Friday, December 17, 2010

My Thoughts on "On Writing" by Stephen King [Part 2]

As promised I'm continuing with my thoughts on Stephen King's "On Writing". In the first post [HERE] I look at the memoir aspects of the book, while here I'll focus more on the actual advice and instructions King provides.

As Charles Gramlich said in the comments, "On Writing" isn't an actual book on writing. To a point I have to agree with him. Even when King discusses writing and tackles all the necessary for a budding writer building blocks he gives examples through his fiction. He distances himself from abstractions or a lengthy list of rules one must apply while writing.

In about one hundred or so pages King covers the nature of writing, vocabulary, grammar, dialogue, paragraphs, structure, pacing, characters, plot, story, themes, descriptions and editing. Is this enough? For veteran writers with several manuscripts under their belts [be they published or not] supposedly not really, but "On Writing" is the perfect book on the art of writing for new writers. Probably those writing book one or two or those planning to sit down and write their first novel.

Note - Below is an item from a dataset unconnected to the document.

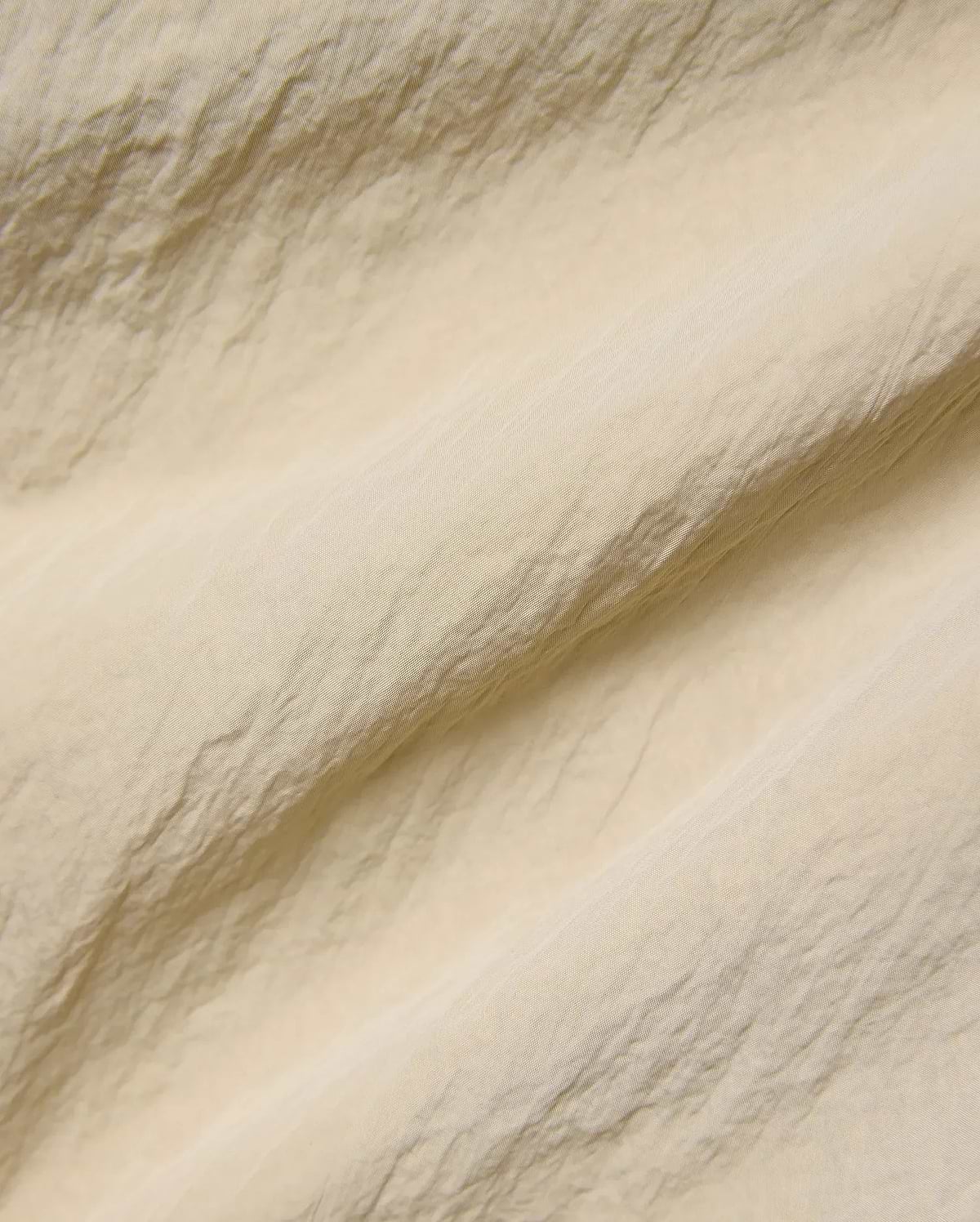 Mens Alder Nylon Pant in a sophisticated light beige hue, showcasing its premium, subtly textured and crinkled nylon fabric with a refined, fine weave, ideal for refined streetwear. (6)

"On Writing" lays the easy-to-grasp fundamentals in each category. King does so without overcomplicated explanations and remains honest about it. Two concepts King backs up through the whole bulk of his book. King advocates for simplicity. When he talks about word use and vocabulary King emphasizes on the context. One of his rules is to never use big words for the sake of sounding erudite. In the chapter for descriptions, King advises to be minimalistic, employing only key details in key positions. When he talks about direct speech and how to introduce it, King is adamant that 'he said/she said' suffices.

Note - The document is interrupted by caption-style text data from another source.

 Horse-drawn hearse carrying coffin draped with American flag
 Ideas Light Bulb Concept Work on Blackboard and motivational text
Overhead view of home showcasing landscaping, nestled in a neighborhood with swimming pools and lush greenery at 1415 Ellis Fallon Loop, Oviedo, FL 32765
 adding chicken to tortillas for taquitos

As far as truth goes, King delivers it on many levels. First, he is big enough to admit that whatever works for him probably won't work for others, which is true, because I have not the slightest intention of agreeing that outlines kill the spontaneous act of creativity. You'll never read 'You should do this or that', you will read 'What I do here is this or that' or 'it's this and this that work for me'.

On employing truth in writing King comments when explaining one of the sacred cardinal rules 'Write What You Know'. It's important to understand that this rule does not restrict the writers to topics they have dealt with, because which writer has ever slain zombies or dragons with weapons [be they makeshift or enchanted]. No, the rule binds writers to be honest in the emotions they portray. As long as you are not faking the fear of the zombie horde your protagonist has to face, then all is a-okay. For the rest there is research.

This is it. In short. Hope this didn't turn into a 'too long; didn't read'.


Todd Newton said...

"On Writing" is one of those books that every writer should keep on a nearby shelf, regardless of their ability or progression in their career. Much like Holly Lisle's "Mugging the Muse," it helps not only with the mechanics but also the emotional aspect of what being a writer is. Many books avoid this, or speak from such an obscure angle as to be of no help, but it is just as important as the actual "how to put words on a page" stuff.

J. Griffin Barber said...

A good analysis.

Charles Gramlich said...

the books that talk about the emotional aspects are much more hit and miss for me than the technique books. Some techniques at least are universal. The emotion and passion is always individual.

Harry Markov said...

@ Todd: I think they avoid it, because it is a hit or miss like Chales said, but what King does is not really advise, but share his path to publication and let the reader take what he needed from the story.

@ J: Thank you.

@ Charles: Pretty much what I said above goes about your comment.